Aim of the task:
Copy each entry below verbatim. Skip the pictures.

Stored data
▬▬▬
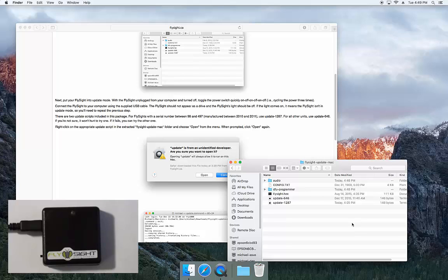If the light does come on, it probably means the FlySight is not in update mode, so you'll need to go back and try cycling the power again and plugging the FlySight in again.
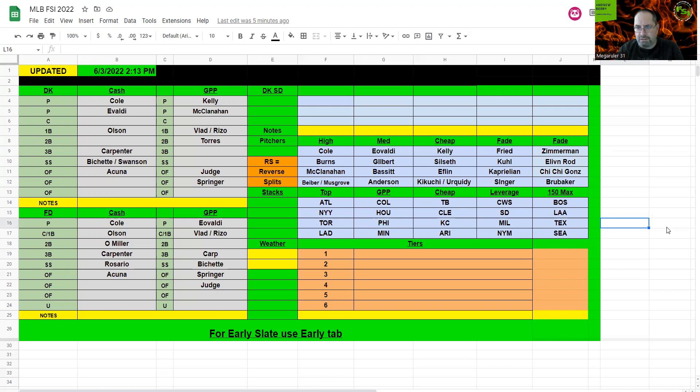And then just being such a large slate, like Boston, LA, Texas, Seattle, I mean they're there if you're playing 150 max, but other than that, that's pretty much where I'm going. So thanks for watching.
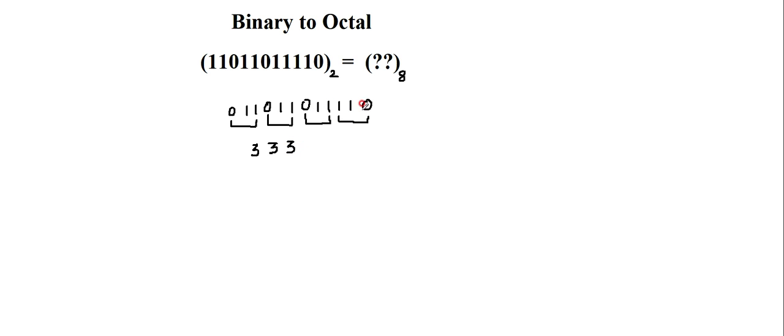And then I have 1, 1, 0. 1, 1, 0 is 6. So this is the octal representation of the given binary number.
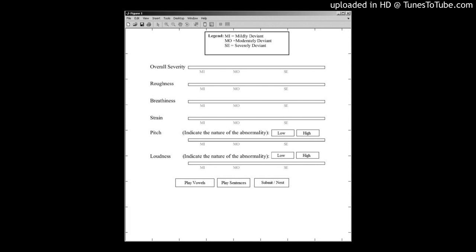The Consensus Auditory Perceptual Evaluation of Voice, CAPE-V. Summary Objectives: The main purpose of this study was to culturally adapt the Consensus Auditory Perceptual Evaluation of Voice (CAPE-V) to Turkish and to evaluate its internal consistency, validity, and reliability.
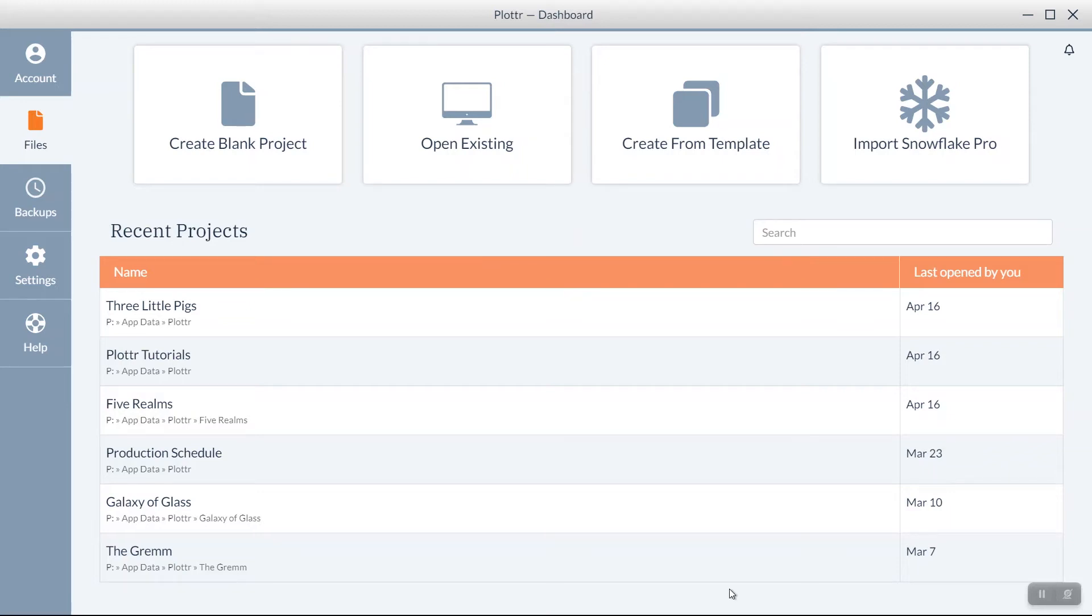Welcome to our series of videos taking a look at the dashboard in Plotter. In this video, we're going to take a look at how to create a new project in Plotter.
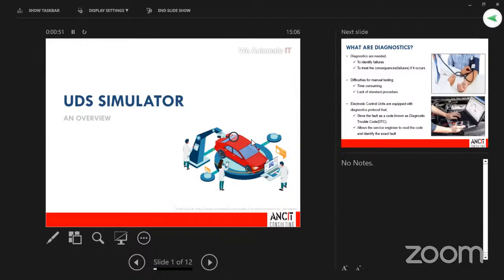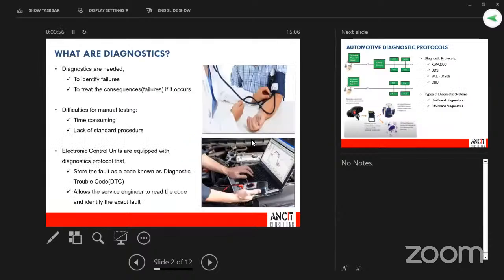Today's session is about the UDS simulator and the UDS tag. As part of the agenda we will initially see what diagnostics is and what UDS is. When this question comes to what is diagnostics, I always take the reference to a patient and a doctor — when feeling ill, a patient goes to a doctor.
▬▬▬
Response:
If the light does come on, it probably means the FlySight is not in update mode, so you'll need to go back and try cycling the power again and plugging the FlySight in again.
And then just being such a large slate, like Boston, LA, Texas, Seattle, I mean they're there if you're playing 150 max, but other than that, that's pretty much where I'm going. So thanks for watching.
And then I have 1, 1, 0. 1, 1, 0 is 6. So this is the octal representation of the given binary number.
The Consensus Auditory Perceptual Evaluation of Voice, CAPE-V. Summary Objectives: The main purpose of this study was to culturally adapt the Consensus Auditory Perceptual Evaluation of Voice (CAPE-V) to Turkish and to evaluate its internal consistency, validity, and reliability.
Welcome to our series of videos taking a look at the dashboard in Plotter. In this video, we're going to take a look at how to create a new project in Plotter.
Today's session is about the UDS simulator and the UDS tag. As part of the agenda we will initially see what diagnostics is and what UDS is. When this question comes to what is diagnostics, I always take the reference to a patient and a doctor — when feeling ill, a patient goes to a doctor.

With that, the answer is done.